Book Summary: "How to Win Friends and Influence People" by Dale Carnegie

I read this book last summer in 2020, and more recently I was reflecting upon the notes I had taken then. It reminded me how useful the key principals were of this book, and this blog post will cherry-pick some of the key messages that Dale Carnegie delivers.


1. Give honest and sincere appreciation
Taken from the section on the "Fundamental Techniques in Handling People", this point refers to how one should appreciate and praise others. When expressing your support towards someone, it should be done genuinely so that you mean what you say. A quote from the book that sums this up well is 'Be hearty in your approbation and lavish in your praise, and people will cherish your words and treasure them and repeat them over a lifetime - repeat them years after you have forgotten them'.

2. Be a good listener. Encourage others to talk about themselves
Remember that people are (generally) always more interested in themselves than they are about what you have to say, so use that to your advantage when trying to start a conversation! Encourage them to talk about themselves, and listen to what they have to say sincerely. Another great point that Dale Carnegie raises is 'remember that a person's name is to that person the sweetest and most important sound in any language'. When talking to others, make it personal. If someone were to ask me about how my day went, or what my plans are this weekend, it would make me feel good. So keep that in mind when deciding what direction to take a conversation in.

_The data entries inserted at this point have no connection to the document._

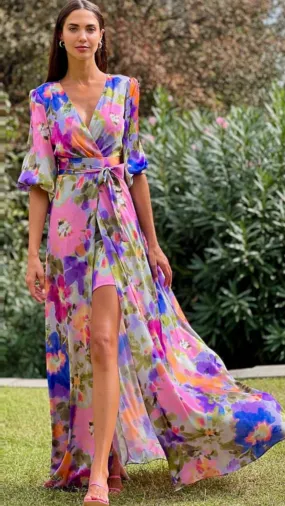 A1746 Floral Mini Maxi Dress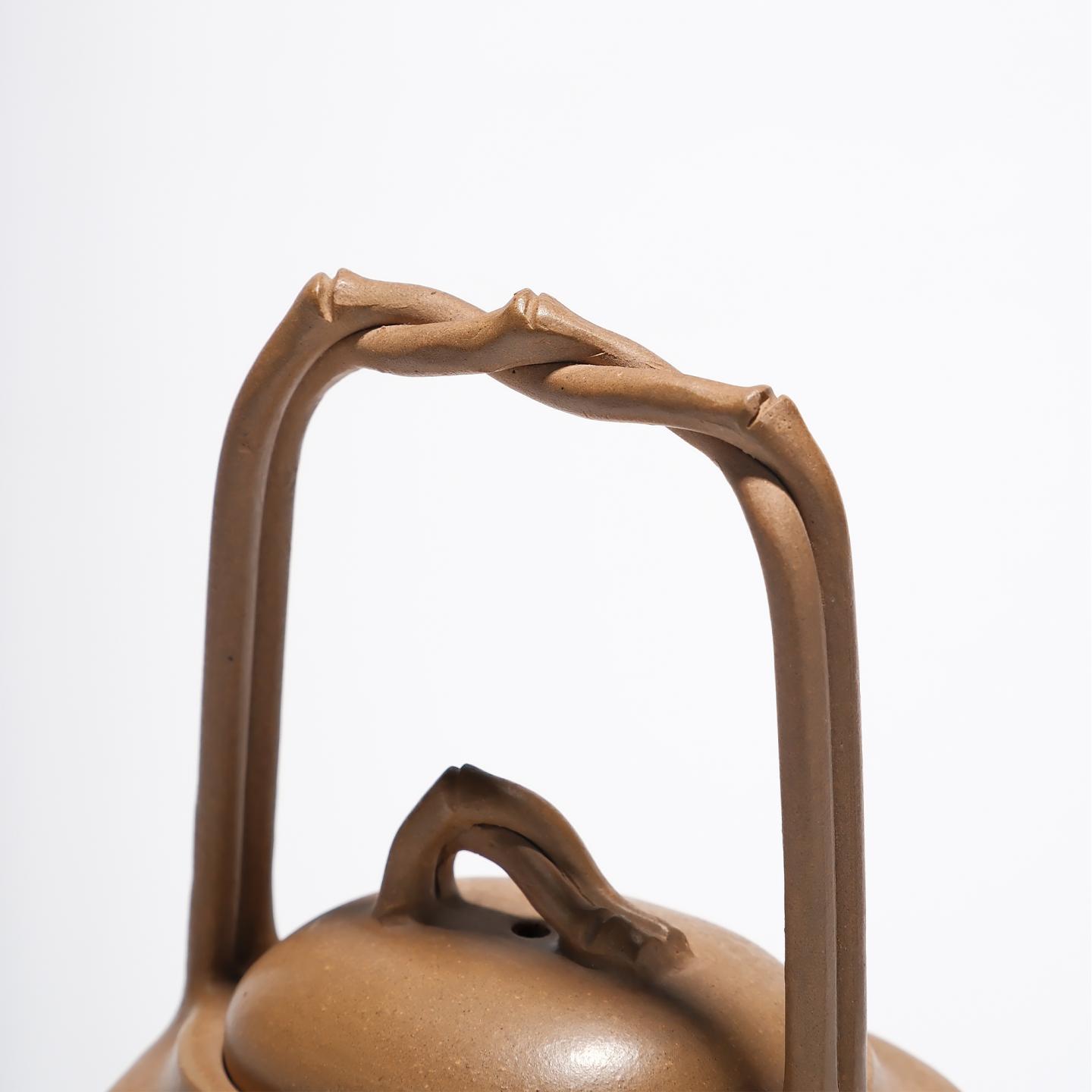 顾道荣 竹节提梁壶 约90年代 约150cc 高约118mm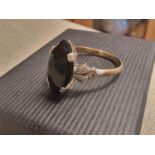 Vintage 9ct Gold, Whitby Jet & Diamond Dress Ring, size Q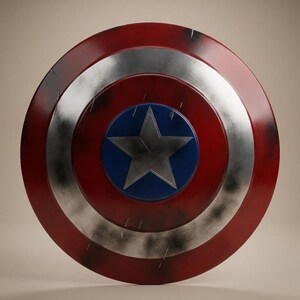 May include: A circular shield in red, silver, and blue. The design includes a central blue disc with a silver star, a silver ring, and a red outer ring. The shield has a distressed, battle-worn look, with signs of wear and tear.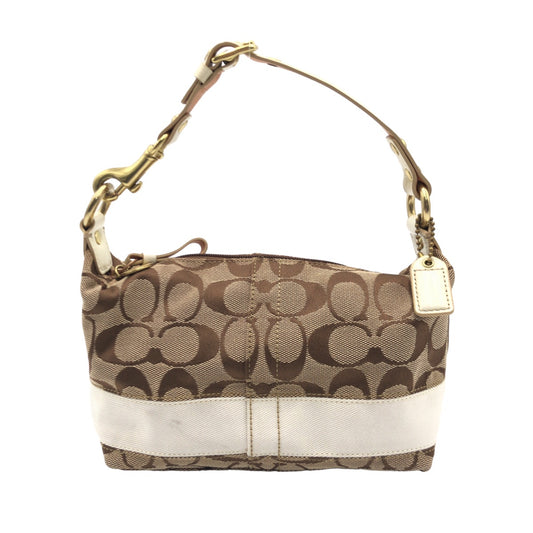 12609
COACH コーチ シグネチャー ブラウン キャンバス 40024 ハンドバッグ バニティバッグ アクセサリーポーチ  レディース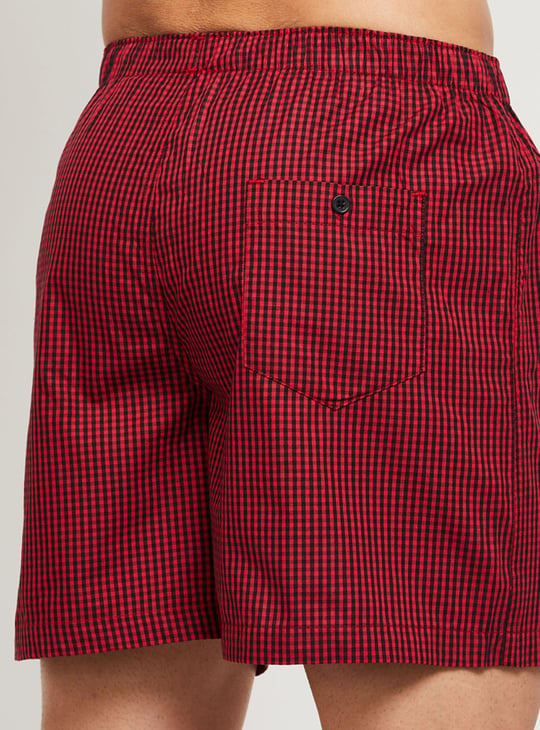 Men Checked Elasticated Boxers 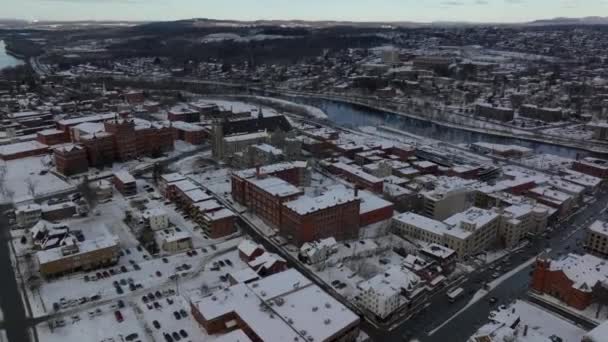 Luftaufnahme Der Stadt Sherbrooke Schnee Kanada Drohne Abgeschossen — Stockvideo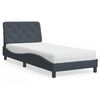 vidaXL Cama com colch&atilde;o 90x190 cm veludo cinzento-escuro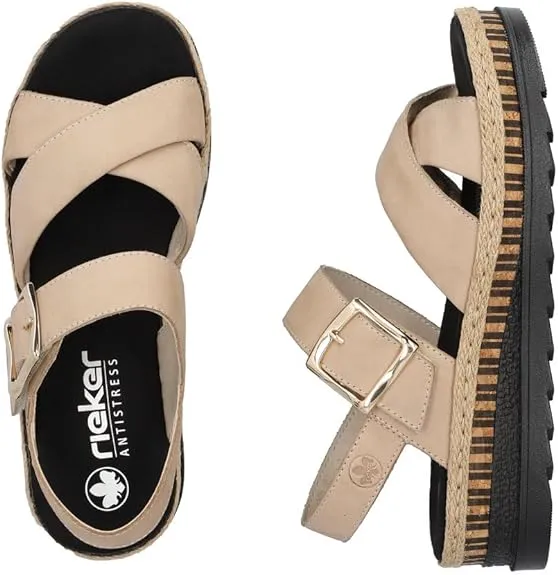 Rieker Women's Wedge Adjustable Strap Sandal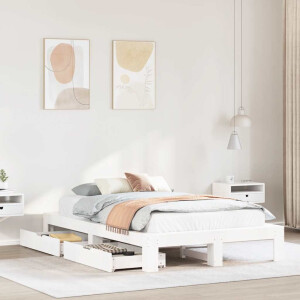 vidaXL Bedframe zonder matras massief grenenhout wit 120x190 cm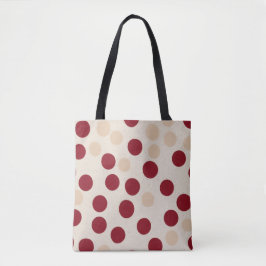 Bolsa Tote Bolinhas de Borgonha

3. Try honestly to see things from the other person's point of view
As seen by the media in this day and age, the truth can easily be twisted or miswritten, making this piece of advice from Carnegie important. He suggests that one should go into conversation with an open mind, and understand that you might be wrong in this case. It ties in nicely with the idea of anekantavada, a theory in Jainism referring to 'non one-sidedness'. It states that there is no such thing as a single truth, and every single person will have their own version of the truth depending on the lens that they are viewing it from. So next time you find yourself in an argument (try to avoid one in the first place!) or debate, try to see things from another angle.

4. Call attention to people's mistakes indirectly
The final section on "Be a Leader" refers to various ways you can direct a team, whether that be at work, for a society at university, or your local sports club. If someone makes an error, you should try call it out but in a discrete way. This could be through asking them questions on their work (and often they will then spot their own mistake) or by reminding them what the overall goal is of the task. As a leader, it is key to use encouragement rather than criticism. It also goes back to the idea in point one about being 'hearty in your approbation and lavish in your praise'. Implementing this in your management strategy will keep positive relations with others and reduce the chance of disgareement.


Despite the first edition of this book being written in 1936, the principles that it teaches still stand today. The above 4 messages give a flavour of what Dale Carnegie wrote about, and I recommend you read the full book to get all the details behind his messages. I personally have made a single page summary of the book, which is on my wall to remind me how I can develop my relationships with people. Thanks for reading!